Where to Watch Every Documentary Nominated For This Year's Oscar

Icarus netflix
Icarus | Netflix
Icarus | Netflix

With a nonstop news cycle and a spin machine set to "sensational," there's never been a more urgent time for documentaries that take their time and lean on extensive research. And it's never been easier to watch such documentaries; nearly every one of the 45 films we named the best documentaries of 2017 are available to stream on Netflix, Hulu, HBO, Amazon Prime or another instant-watch platform. 

Where should you start? With Academy Awards less than a month away, the five films vying for the Oscar is an obvious way into the documentary conversation. This year's batch range from heart-racing, investigative portraits to intimate explorations of family and friends. For your viewing pleasure, here are the nominees, and where to stream them.

ABACUS: SMALL ENOUGH TO JAIL
PBS Distribution

Abacus: Small Enough to Jail

Director: Steve James (Hoop Dreams)
Why it's great: Spotlighting a lesser-known tale of the financial crisis, this unapologetically Capra-esque film presents the story of Abacus Federal Savings Bank, the only institution to face criminal charges, rather than a beneficial bailout, for its involvement in the subprime mortgage debacle. Easily taken for granted because it's not a broader or more hard-hitting work, the perfectly conventionally doc is in fact quite revealing of systemic racism and other grander issues in America and its judicial system.

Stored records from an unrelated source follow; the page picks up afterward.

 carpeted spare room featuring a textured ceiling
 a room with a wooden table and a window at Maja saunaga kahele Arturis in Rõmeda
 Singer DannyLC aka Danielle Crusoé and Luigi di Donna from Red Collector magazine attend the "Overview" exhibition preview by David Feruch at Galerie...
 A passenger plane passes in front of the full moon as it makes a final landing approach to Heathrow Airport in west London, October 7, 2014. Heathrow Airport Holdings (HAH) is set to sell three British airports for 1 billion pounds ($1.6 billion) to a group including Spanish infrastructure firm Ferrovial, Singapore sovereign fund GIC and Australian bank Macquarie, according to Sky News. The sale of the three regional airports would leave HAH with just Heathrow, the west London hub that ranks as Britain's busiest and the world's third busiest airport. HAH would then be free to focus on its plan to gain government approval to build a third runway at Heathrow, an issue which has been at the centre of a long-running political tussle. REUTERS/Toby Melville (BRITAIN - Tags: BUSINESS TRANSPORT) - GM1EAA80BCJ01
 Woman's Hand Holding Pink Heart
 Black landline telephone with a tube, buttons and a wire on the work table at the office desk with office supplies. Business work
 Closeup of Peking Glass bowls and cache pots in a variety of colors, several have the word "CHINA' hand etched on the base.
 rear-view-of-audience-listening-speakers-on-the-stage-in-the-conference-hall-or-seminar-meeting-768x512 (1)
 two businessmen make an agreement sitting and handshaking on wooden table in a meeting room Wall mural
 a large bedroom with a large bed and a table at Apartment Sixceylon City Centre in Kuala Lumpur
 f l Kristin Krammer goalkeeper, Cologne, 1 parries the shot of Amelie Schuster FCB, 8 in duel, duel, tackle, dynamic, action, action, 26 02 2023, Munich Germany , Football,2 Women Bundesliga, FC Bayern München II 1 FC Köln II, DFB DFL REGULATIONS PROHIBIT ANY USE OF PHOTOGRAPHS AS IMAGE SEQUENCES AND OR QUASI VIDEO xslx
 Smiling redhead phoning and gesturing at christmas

But it’s also primarily just a portrait of a single family coming together against an unfortunate situation and the goliath government prosecutors looking to make an example out of their business, a pillar of New York’s Chinatown community.
Where to see it right now: Stream on Amazon Prime; rent on iTunes, Amazon, and VUDU
Watch the trailer

faces places agnes varda
Cohen Media Group

Faces Places

Directors: Agnès Varda (The Gleaners and IEllis)
Why it's great: Agnès Varda is such a delightful little woman, charming every moment of this whimsical collaboration whether she’s jauntily chatting with strangers or expressing heartache about an old friend or her deteriorating eyesight. She and famed photographer JR, 55 years her junior, embark together on an art project field trip, snapping portraits of people in villages and on farms and in factories, then plastering giant prints of these works on building walls. Faces on facades. Varda and JR look like a mismatched pair, yet their loving respect for each other gives them terrific chemistry, making them the duo of the year, regardless of whether their endeavors are as interesting as they are.
Where to see it right now: In theaters
Watch the trailer

icarus netflix documentary
Netflix

Icarus

Directors: Bryan Fogel (Jewtopia)
Why it’s great: Fascinated by doping scandals and Lance Armstrong's fall from grace, Fogel, a playwright and amateur cyclist, fell deeper into the chemical trend than he could have possibly imagined after connecting with Dr. Grigory Rodchenkov, who would reveal himself to be the director of the Russian laboratory in charge of aiding Olympic athletes. Icarus traces a line through a history of doping and Rodchenkov's whistleblowing, which ignited fury in Russia and turned him into a political target. Fogel's film is the rare science-minded doc that also plays like a Tom Clancy thriller.
Where to see it right now: Stream on Netflix
Watch the trailer

last men in aleppo documentary
Grasshopper Films

Last Men in Aleppo

Director: Firas Fayyad, Steen Johannessen, and Hasan Katan
Why it's great: We got a tease of the Syrian Civil Defence with the Oscar-winning short documentary film The White Helmets, but this feature-length showcase of the unbelievably courageous rescue workers provides a whole other experience, one that is almost overwhelming in its footage of death and destruction and also recovery. Not only does the film spotlight three of the brave White Helmets digging and saving and avoiding bombs themselves, but the filmmakers -- including directors Fayyad and Katan and cinematographers Fadi al-Halabi, Thaher Mohamad and others -- who capture the SCD’s stories deserve extra praise just for embedding and endangering their own lives to produce such a display of heroism and smuggle it out to be edited by their co-director, Johannessen, in Europe.
Where to see it: Stream on Netflix
Watch the trailer

strong island netflix
Netflix

Strong Island

Director: Yance Ford
Why it’s great: First-time director Yance Ford takes a first-person approach to documenting the case of his brother’s murder in this emotionally gut-wrenching film memoir. It’s a true-crime doc, but it’s also an autobiographical family portrait -- Ford’s main interview subjects are himself and his mother. It's one of the more intimate profiles of a senselessly terminated black life, arriving at a time when many similar stories have entered the current social discourse. We obviously don’t get to meet William Ford, but we get to know the man before he was killed over a dispute about auto repairs. The film feels handmade in a tactile sense, as archival photographs are shared manually on screen, and Ford centers himself so close up that you can almost touch his tears.